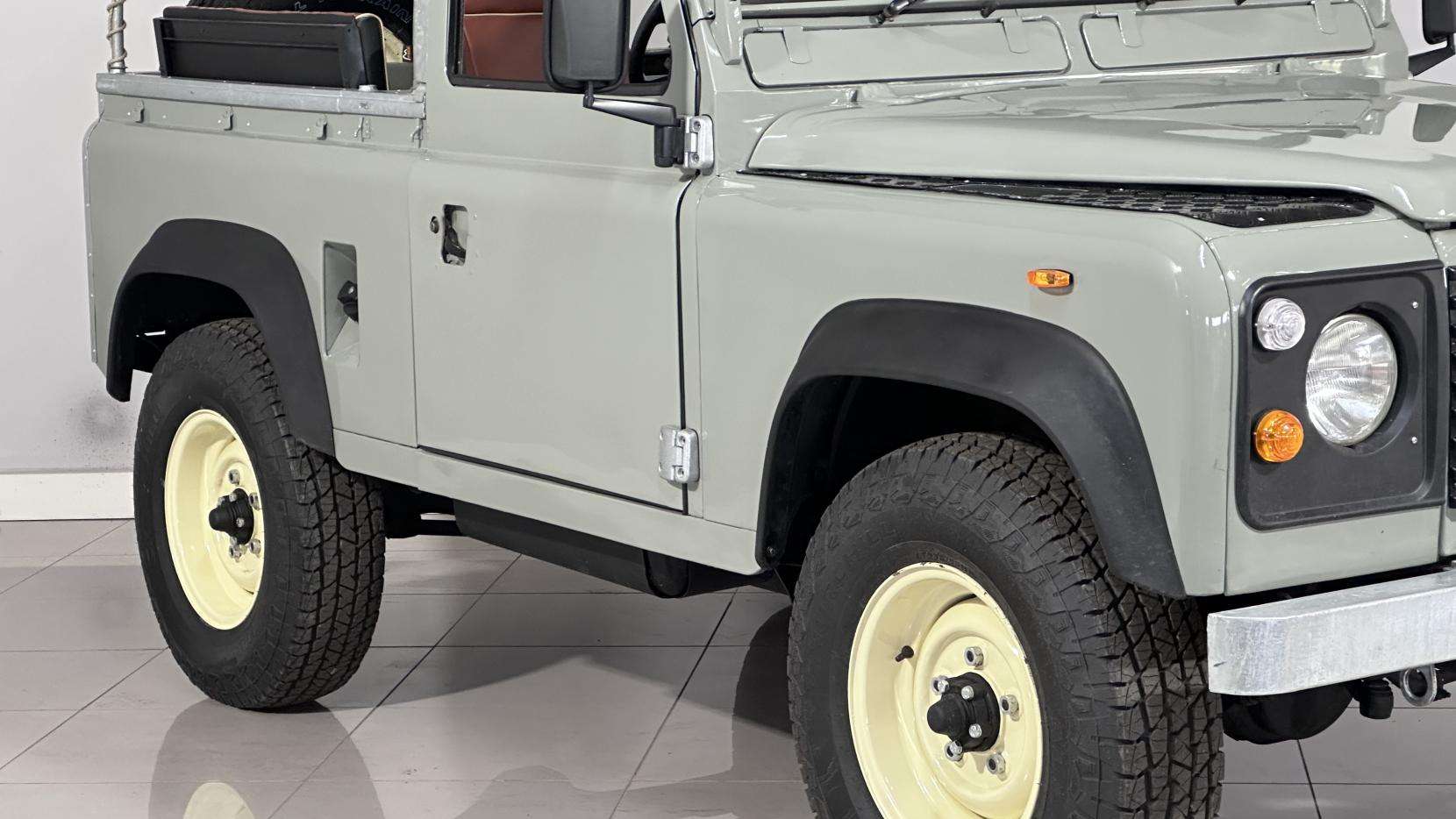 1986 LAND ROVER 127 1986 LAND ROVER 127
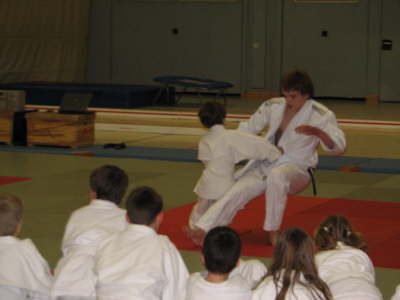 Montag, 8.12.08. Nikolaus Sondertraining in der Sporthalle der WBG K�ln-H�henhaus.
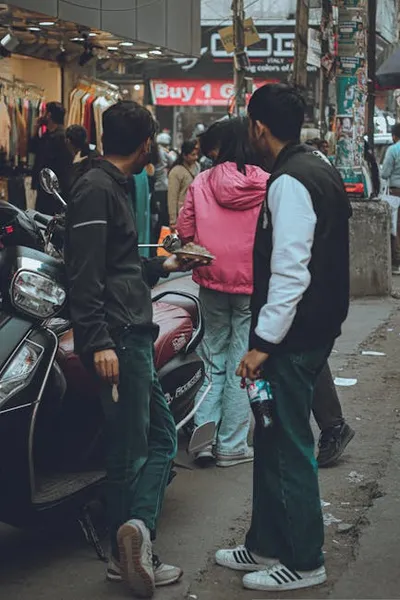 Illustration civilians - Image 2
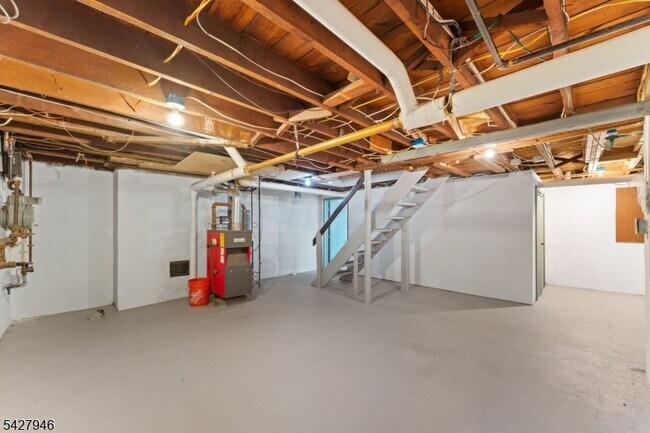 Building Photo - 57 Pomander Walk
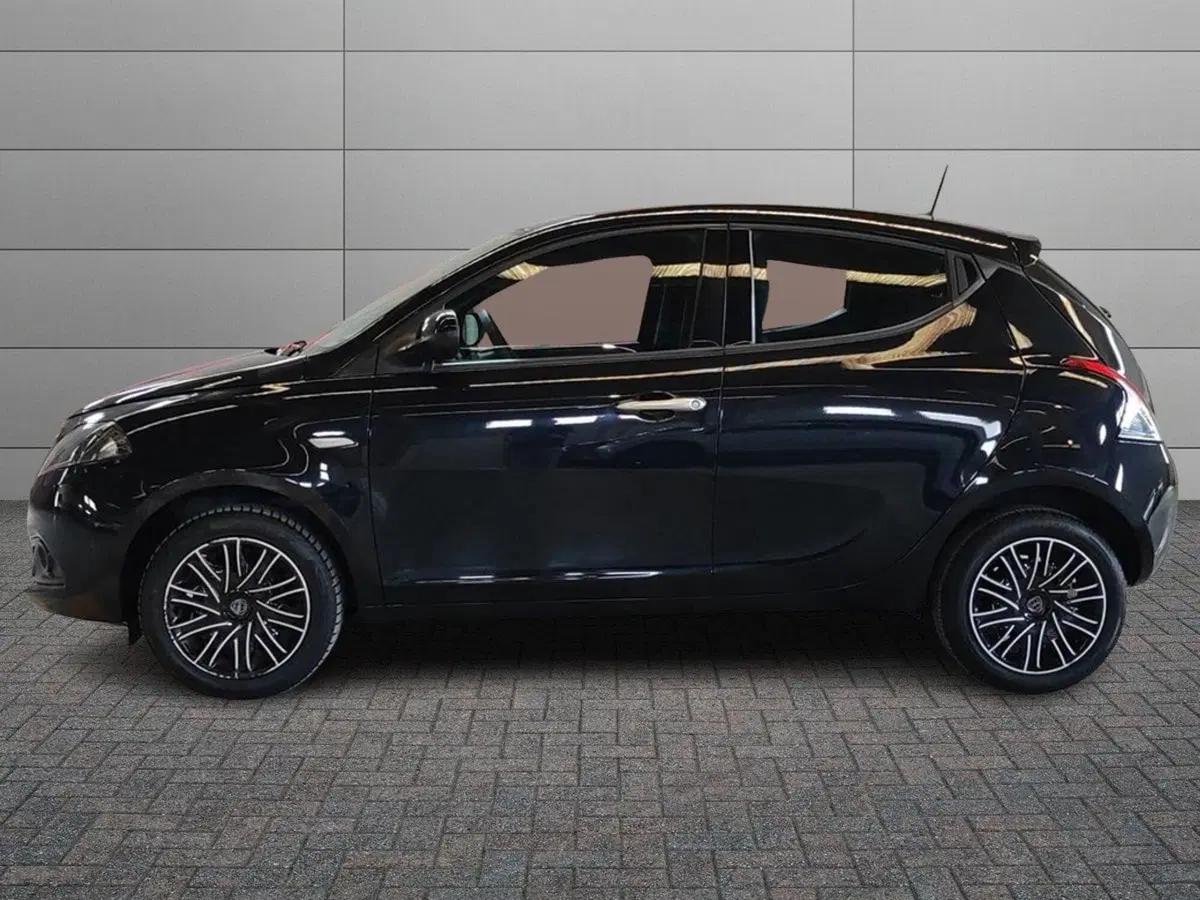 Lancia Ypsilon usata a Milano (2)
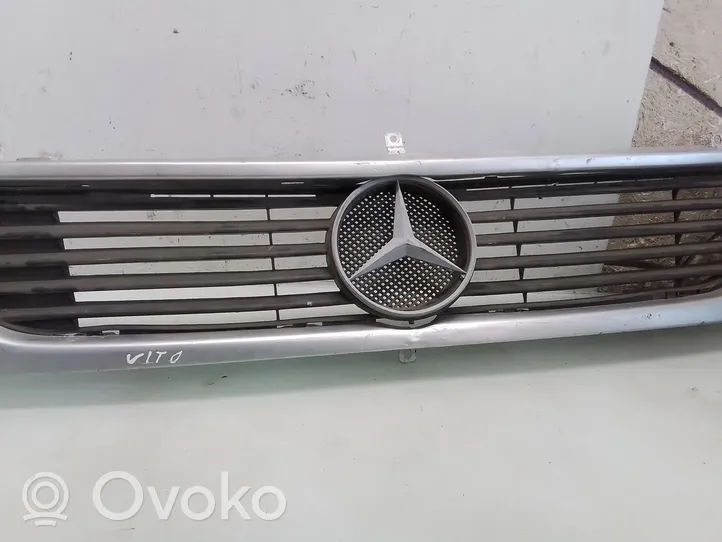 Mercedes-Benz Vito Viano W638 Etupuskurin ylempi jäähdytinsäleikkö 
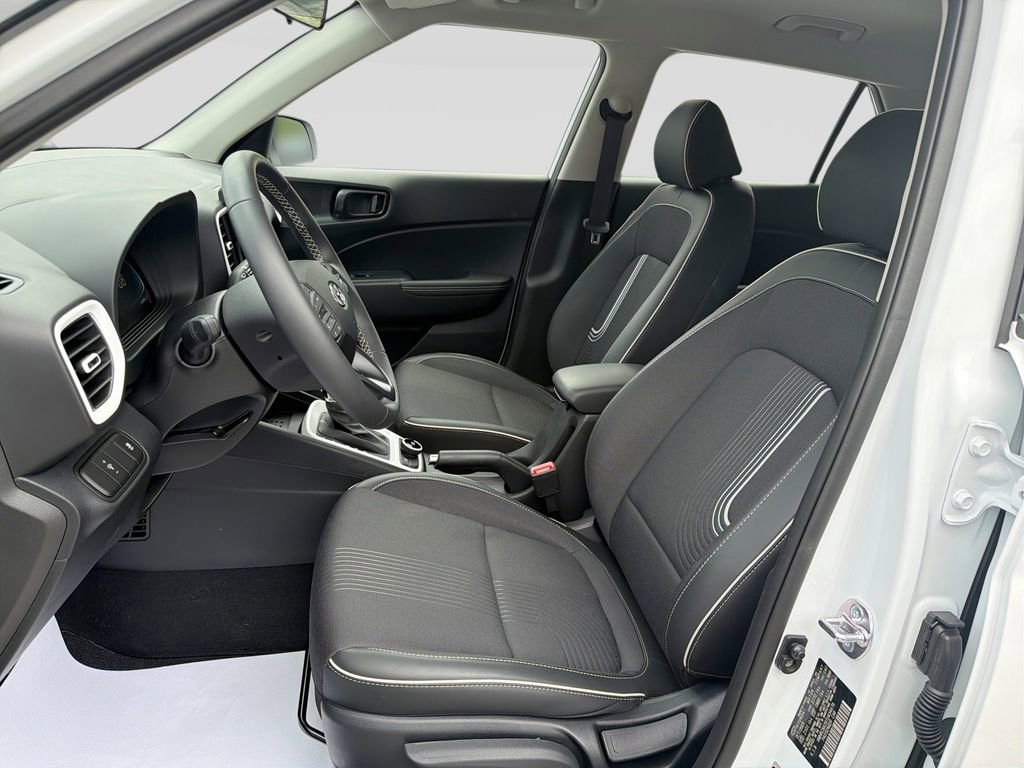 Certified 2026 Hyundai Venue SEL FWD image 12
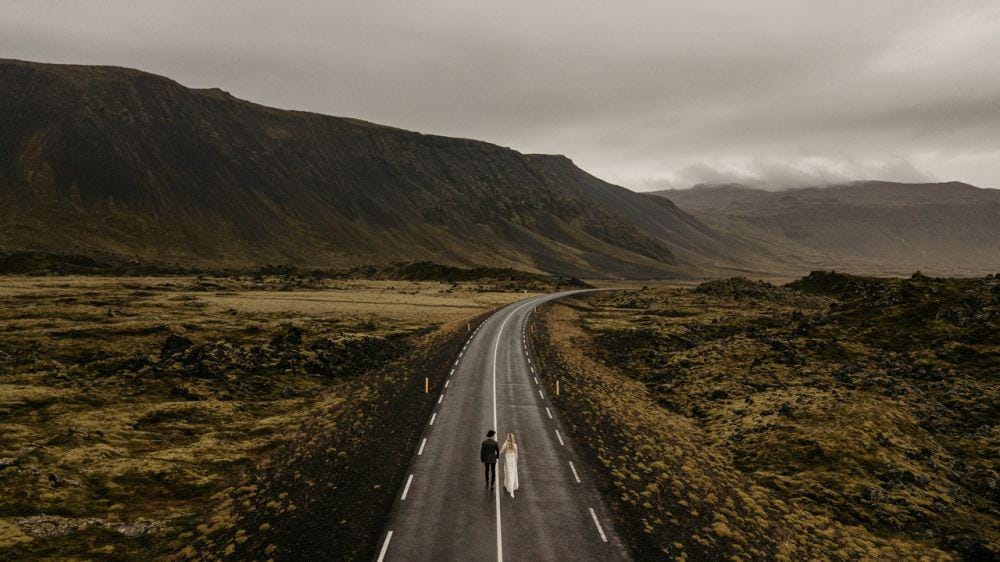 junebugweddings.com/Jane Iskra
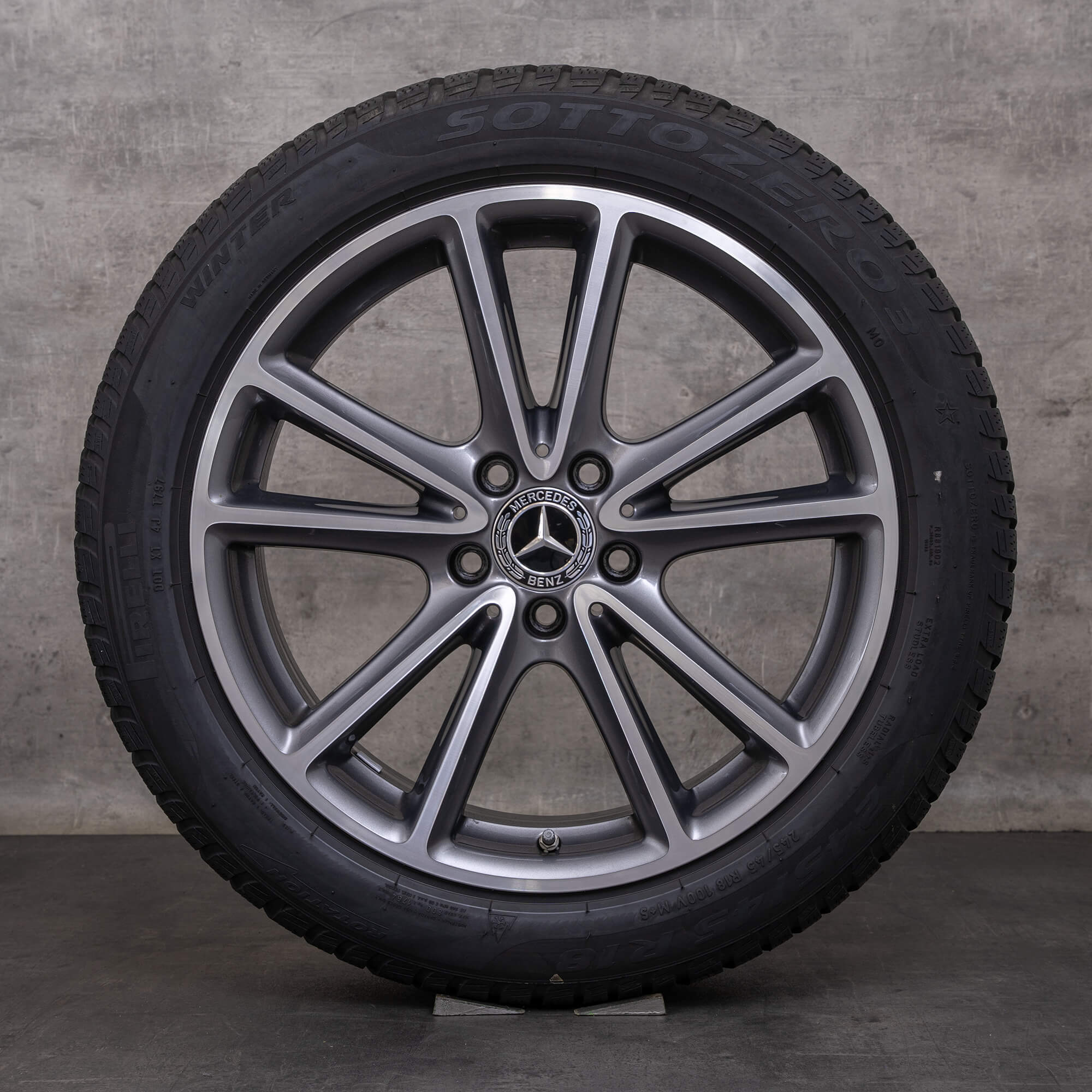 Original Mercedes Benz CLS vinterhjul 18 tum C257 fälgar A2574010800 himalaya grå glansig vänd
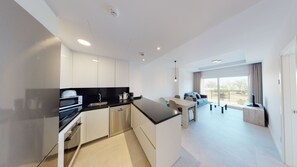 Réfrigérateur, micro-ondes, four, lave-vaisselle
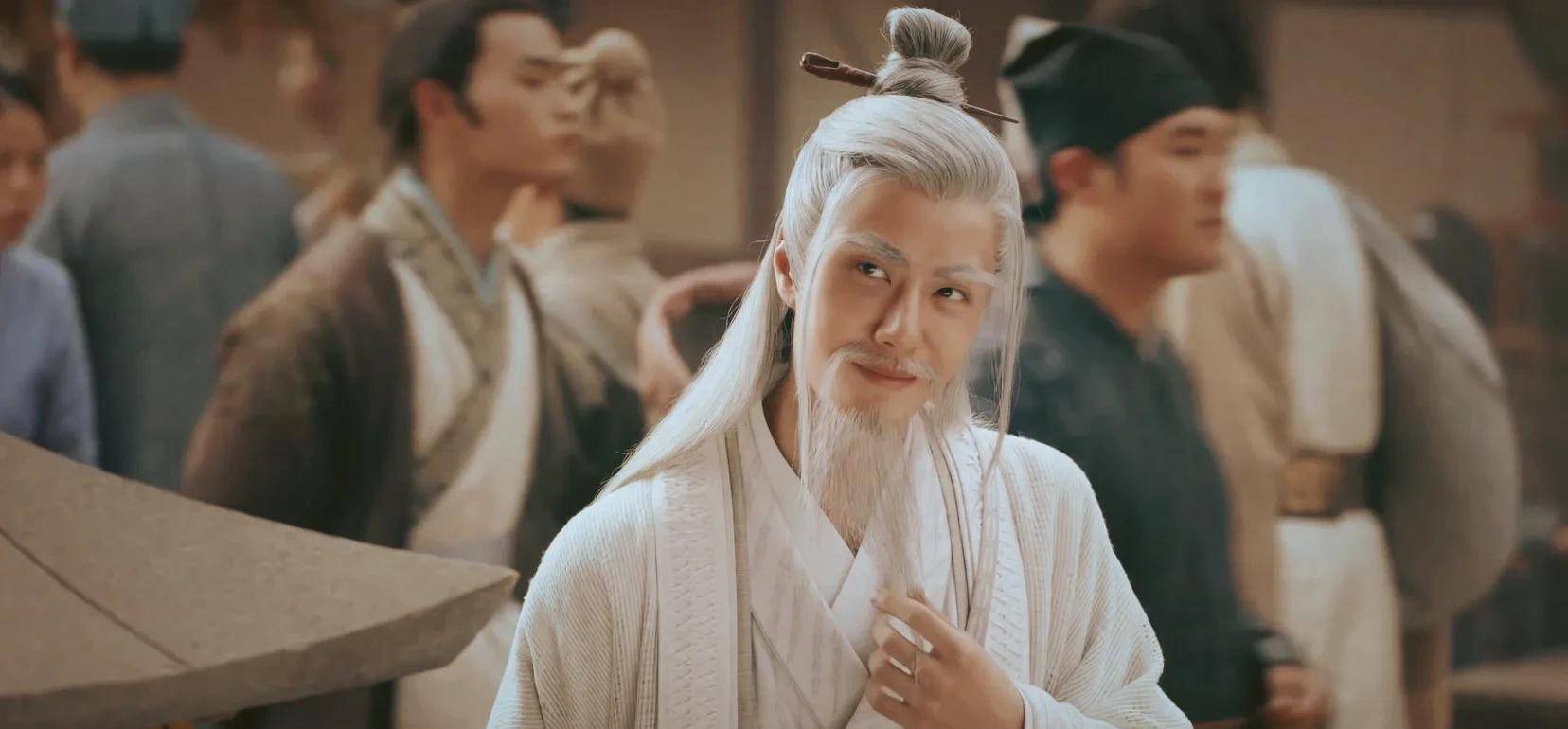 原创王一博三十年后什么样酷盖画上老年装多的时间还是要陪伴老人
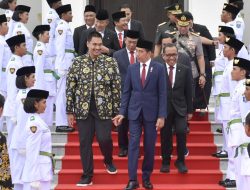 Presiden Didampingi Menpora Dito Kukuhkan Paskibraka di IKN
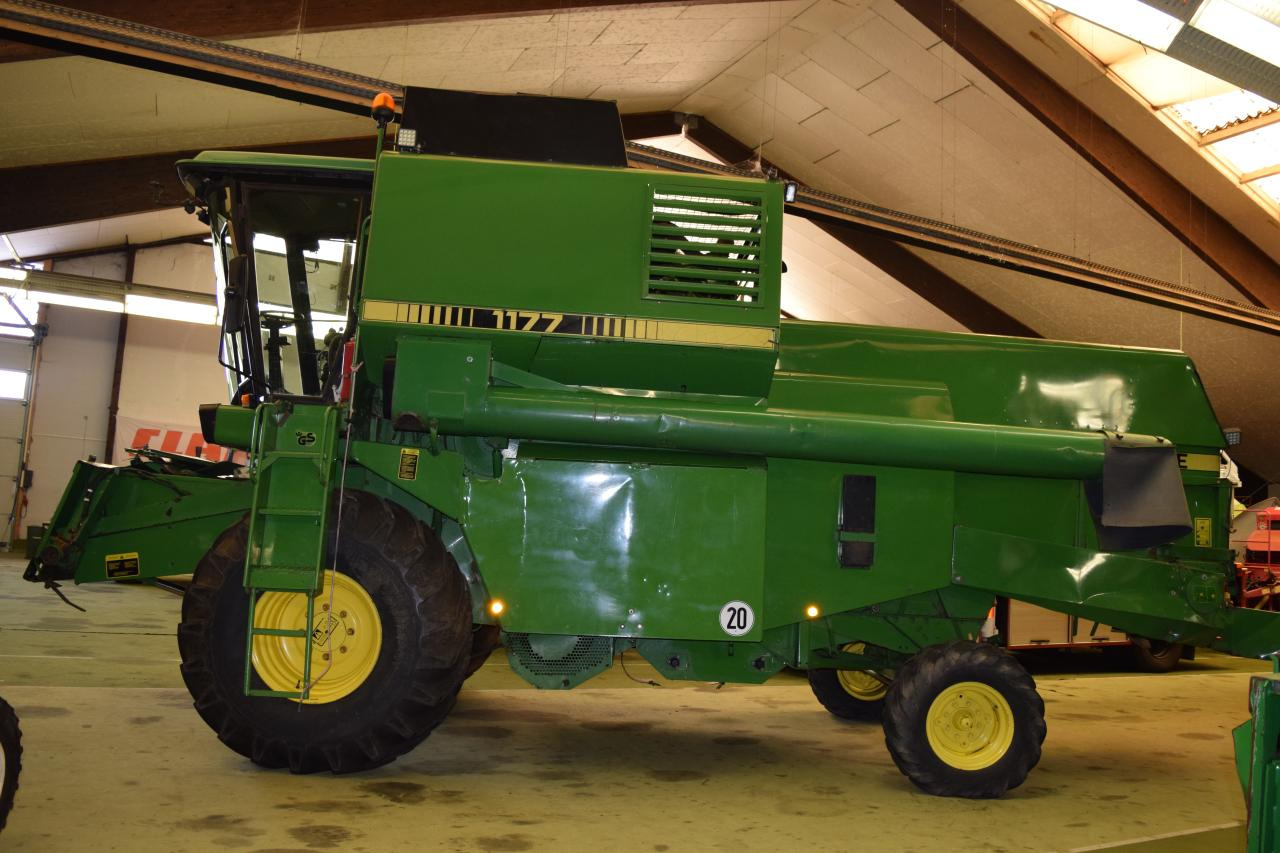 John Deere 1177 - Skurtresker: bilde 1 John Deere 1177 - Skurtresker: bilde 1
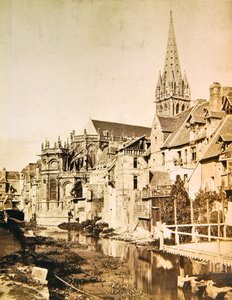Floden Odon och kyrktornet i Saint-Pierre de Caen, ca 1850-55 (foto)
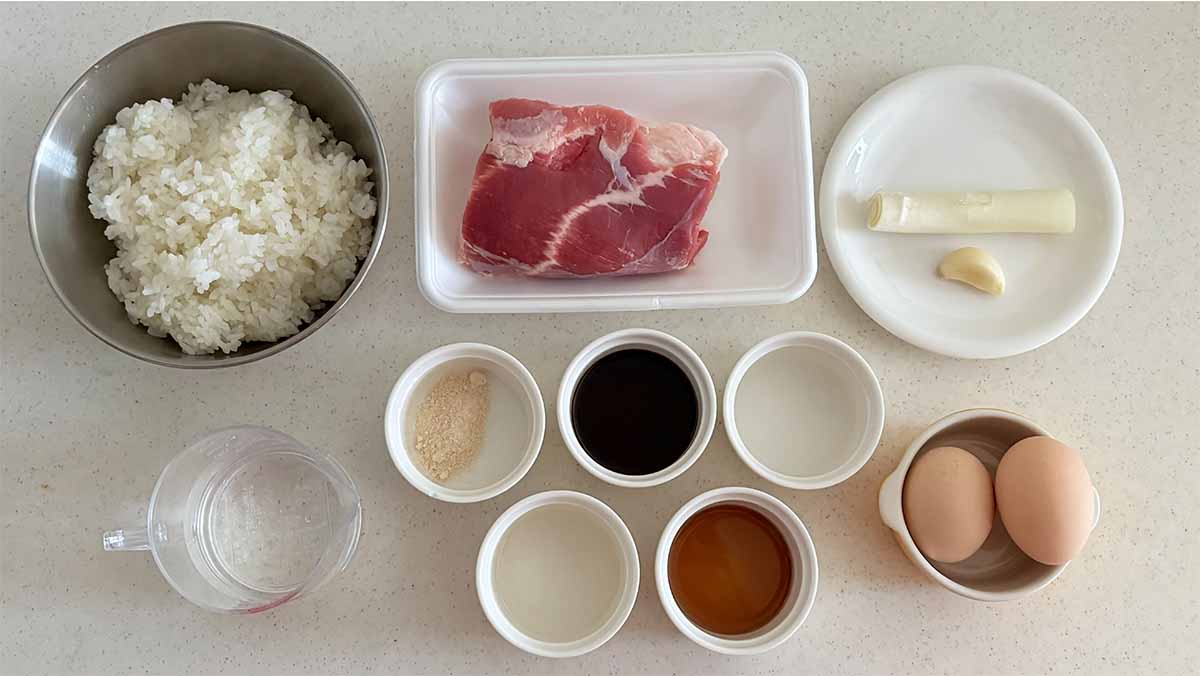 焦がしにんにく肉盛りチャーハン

▸ TASK INSTRUCTIONS
Repeat the lines above exactly, beginning with the one containing "Illustration civilians - Image 2" and finishing with the one containing "原创王一博三十年后什么样酷盖画上老年装多的时间还是要陪伴老人". No pictures belong in the copy.

▸ OUTPUT OF THE TASK
 Illustration civilians - Image 2
 Building Photo - 57 Pomander Walk
 Lancia Ypsilon usata a Milano (2)
 Mercedes-Benz Vito Viano W638 Etupuskurin ylempi jäähdytinsäleikkö 
 Certified 2026 Hyundai Venue SEL FWD image 12
 junebugweddings.com/Jane Iskra
 Original Mercedes Benz CLS vinterhjul 18 tum C257 fälgar A2574010800 himalaya grå glansig vänd
 Réfrigérateur, micro-ondes, four, lave-vaisselle
 原创王一博三十年后什么样酷盖画上老年装多的时间还是要陪伴老人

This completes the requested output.